Tripoli, Libya – Libya will be unable to pay salaries and will be forced to borrow to meet budget obligations if oil strikes in the embattled country continue.
Prime Minister Ali Zeidan warned that the nation faced a major crisis as Libya’s oil revenues fell to 20% of what they used to be.
“We are facing a financial crisis,” said Zeidan, who was appointed by the General National Congress last summer.
The country, which held its first parliamentary elections since the end of Muammar Gaddafi’s rule in 2012, has faced strikes since July at key load ports.
Most recently, Benghazi workers protested against deteriorating security a day after deadly clashes there between the army and Islamist militants.
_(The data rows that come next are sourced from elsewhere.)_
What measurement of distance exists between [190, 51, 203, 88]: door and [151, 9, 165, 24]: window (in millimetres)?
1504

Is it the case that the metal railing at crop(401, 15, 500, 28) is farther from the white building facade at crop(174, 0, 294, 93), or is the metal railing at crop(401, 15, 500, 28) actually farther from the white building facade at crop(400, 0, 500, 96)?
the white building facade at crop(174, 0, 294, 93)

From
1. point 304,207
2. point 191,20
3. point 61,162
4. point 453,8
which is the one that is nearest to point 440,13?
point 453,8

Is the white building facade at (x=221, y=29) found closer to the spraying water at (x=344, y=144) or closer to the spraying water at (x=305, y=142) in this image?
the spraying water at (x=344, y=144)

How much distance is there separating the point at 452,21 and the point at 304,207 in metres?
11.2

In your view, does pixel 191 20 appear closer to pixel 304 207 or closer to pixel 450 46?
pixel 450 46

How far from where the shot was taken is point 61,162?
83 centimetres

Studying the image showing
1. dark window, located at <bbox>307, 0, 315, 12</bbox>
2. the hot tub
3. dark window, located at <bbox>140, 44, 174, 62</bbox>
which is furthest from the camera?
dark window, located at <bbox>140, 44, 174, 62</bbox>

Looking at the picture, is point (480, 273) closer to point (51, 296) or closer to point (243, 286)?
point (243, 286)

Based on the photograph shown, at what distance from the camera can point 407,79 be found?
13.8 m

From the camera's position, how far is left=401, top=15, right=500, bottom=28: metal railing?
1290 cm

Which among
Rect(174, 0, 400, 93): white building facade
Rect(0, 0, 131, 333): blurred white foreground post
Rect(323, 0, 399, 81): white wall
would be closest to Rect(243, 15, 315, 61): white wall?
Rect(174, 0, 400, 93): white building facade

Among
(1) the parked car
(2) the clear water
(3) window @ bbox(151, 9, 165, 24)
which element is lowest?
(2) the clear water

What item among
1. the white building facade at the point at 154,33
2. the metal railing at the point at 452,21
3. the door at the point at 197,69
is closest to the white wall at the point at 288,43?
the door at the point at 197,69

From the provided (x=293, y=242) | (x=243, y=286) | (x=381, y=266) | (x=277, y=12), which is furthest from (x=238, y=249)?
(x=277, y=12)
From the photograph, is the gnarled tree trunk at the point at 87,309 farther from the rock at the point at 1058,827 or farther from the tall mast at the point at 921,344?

Organisers stressed they wanted all militias to leave Libya’s second city.
“Staff in the oil sector in Benghazi … will join the civil obedience starting today,” said Saad Fakhri, deputy head of Libya’s union of oil workers.
The prolonged period of industrial action means Libya’s oil sector has been crippled, slashing more than one million barrels per day of crude oil from the global market.
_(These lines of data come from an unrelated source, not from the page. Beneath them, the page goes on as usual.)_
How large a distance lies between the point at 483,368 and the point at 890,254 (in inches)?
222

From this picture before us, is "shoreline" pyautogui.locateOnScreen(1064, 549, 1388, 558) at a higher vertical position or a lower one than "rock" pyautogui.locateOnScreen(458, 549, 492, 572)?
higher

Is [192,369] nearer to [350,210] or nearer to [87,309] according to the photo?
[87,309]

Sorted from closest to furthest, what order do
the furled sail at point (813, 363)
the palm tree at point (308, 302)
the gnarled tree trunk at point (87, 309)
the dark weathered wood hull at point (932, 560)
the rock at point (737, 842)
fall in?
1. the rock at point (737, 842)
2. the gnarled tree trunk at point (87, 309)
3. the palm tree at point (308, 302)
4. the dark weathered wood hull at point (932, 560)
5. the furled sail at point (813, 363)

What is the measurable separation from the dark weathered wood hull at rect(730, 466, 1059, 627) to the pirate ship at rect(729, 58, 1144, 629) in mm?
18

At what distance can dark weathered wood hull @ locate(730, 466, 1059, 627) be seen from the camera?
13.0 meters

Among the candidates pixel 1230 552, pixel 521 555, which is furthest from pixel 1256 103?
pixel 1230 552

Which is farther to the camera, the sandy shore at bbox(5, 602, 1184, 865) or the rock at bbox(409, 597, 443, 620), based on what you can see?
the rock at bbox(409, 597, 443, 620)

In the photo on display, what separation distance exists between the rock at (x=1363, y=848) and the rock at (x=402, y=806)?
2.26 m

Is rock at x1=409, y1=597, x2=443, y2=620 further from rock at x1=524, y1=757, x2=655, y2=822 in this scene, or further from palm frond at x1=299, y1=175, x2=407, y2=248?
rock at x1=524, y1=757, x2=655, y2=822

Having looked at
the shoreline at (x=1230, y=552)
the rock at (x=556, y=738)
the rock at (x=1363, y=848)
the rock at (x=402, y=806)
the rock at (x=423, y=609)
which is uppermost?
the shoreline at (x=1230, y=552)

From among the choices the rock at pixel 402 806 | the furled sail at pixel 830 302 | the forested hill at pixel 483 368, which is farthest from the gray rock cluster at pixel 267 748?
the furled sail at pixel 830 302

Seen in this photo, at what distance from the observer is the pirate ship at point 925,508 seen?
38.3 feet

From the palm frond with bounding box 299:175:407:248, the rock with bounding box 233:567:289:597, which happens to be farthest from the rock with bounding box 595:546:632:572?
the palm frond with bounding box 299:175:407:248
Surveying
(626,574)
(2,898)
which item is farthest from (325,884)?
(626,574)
The country, which is a member of the Organization of the Petroleum Exporting Countries (OPEC), is the holder of Africa’s largest proven oil reserves and is an important contributor to the global supply of light, sweet crude oil.
Libya’s oil production was disrupted for most of 2011 because of the civil war, but it began to recover relatively rapidly following the cessation of most hostilities by the autumn of that year.
The country typically exports most of its crude oil to European countries and the United States resumed importing crude oil from Libya in 2004 after sanctions were removed.